Robots Feed Themselves

The novelty of robotics has reached an all time high, as some of the most popular costumes this Halloween are Terminator, Optimus Prime, and Real Steel. I think the idea of humans dressing up as machines illustrates our comfort zone as being the top creature on the food chain.  However, this premise is now being tested by unusual new mechanical plant.

University of Maine engineer Mohesen Shahinpoor presented his own ‘Venus Roboric Flytrap’ that lures and kills inspect prey.  Using artificial muscles made of polymer membranes and coated with gold electrodes the flies are attracted in like a UV lantern and then when landing on the mechanized leaves it quickly closes up on the insect – splat.  Technically speaking, “when the bugs lands, the tiny voltage it generates triggers a larger power source to apply opposite charges to the leaves, making them attract one another and closing the trap” (Bioinspiration and Biomimetics, DOI: 10.1088/1748-3182/6/4/046004).
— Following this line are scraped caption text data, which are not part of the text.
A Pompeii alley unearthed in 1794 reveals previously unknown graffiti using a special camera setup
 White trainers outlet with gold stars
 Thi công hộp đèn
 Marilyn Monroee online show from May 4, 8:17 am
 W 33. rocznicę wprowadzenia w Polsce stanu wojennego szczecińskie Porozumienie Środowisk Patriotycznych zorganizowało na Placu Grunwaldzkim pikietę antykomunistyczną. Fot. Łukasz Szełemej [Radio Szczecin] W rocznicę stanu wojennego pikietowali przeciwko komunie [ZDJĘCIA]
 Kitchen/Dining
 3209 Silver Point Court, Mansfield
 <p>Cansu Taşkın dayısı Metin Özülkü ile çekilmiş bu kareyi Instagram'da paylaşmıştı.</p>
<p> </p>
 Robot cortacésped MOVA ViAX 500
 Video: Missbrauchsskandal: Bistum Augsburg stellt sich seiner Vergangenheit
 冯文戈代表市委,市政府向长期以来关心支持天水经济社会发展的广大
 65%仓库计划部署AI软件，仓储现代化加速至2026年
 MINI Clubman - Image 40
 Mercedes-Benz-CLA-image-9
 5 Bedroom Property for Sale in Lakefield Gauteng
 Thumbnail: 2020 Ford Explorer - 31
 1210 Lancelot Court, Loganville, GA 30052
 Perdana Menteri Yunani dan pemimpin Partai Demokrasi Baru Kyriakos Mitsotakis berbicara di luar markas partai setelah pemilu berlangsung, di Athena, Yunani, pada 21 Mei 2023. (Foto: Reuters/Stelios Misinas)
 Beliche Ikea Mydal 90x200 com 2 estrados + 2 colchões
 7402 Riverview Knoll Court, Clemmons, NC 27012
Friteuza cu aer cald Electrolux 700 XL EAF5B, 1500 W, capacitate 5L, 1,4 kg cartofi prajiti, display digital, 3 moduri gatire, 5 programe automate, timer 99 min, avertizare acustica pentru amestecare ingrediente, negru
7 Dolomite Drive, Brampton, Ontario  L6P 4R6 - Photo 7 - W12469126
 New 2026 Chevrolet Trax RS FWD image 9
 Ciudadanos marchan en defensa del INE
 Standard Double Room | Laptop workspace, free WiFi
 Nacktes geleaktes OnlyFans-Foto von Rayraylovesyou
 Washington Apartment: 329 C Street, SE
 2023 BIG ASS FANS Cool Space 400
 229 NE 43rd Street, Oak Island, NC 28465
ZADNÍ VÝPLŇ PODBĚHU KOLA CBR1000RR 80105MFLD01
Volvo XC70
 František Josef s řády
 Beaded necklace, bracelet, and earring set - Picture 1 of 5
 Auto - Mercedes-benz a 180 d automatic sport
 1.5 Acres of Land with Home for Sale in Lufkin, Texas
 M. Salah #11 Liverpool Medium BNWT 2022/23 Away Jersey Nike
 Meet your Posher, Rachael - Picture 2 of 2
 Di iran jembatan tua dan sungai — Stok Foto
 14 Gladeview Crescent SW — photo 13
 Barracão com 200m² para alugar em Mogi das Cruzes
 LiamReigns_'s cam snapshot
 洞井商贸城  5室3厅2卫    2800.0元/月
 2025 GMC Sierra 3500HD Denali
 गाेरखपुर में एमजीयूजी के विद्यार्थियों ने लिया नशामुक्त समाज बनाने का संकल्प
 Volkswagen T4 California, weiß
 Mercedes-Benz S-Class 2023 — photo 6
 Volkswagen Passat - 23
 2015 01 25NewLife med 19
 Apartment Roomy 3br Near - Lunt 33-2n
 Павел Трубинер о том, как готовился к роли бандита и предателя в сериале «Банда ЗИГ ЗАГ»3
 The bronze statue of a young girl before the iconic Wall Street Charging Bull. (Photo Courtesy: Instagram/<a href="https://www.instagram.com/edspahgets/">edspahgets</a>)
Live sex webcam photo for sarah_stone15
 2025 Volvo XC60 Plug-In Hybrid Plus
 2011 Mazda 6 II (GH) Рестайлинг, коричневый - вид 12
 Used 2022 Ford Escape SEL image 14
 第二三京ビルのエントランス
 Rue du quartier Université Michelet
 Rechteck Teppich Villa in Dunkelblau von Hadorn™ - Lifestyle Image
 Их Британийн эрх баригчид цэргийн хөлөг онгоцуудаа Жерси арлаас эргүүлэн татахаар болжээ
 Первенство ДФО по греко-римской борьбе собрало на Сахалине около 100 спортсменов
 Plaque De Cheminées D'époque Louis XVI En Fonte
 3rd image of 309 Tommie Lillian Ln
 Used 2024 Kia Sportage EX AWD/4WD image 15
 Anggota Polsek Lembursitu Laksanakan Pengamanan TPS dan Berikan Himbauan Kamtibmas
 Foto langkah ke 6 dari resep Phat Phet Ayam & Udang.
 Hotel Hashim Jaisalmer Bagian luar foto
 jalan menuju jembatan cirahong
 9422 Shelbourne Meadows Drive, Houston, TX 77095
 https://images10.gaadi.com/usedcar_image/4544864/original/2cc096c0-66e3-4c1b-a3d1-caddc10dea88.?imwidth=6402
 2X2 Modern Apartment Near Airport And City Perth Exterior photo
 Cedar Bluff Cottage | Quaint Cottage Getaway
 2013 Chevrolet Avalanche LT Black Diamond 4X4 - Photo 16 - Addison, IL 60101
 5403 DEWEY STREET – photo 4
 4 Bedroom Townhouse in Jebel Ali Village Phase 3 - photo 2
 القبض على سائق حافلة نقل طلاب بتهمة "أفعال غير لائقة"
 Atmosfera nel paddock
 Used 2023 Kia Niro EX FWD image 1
This is not the first bug eating robot,  Bristol Robotics Lab in the UK created Ecobot, a terminator-like bot that can eat insects, food scraps and even raw sewage as a means of powering itself.  Ecobot utilizes a special bacteria to “break down a fly’s exoskeleton in a reaction that liberates electrons into a circuit, generating electricity.” 

It is true that there is great insecurity that comes with a robot that can power itself, as we humans loose the ability of unplugging our machines.   This loss of control, could be balanced by our own energy needs moving mankind from fossil fuels to robotic power.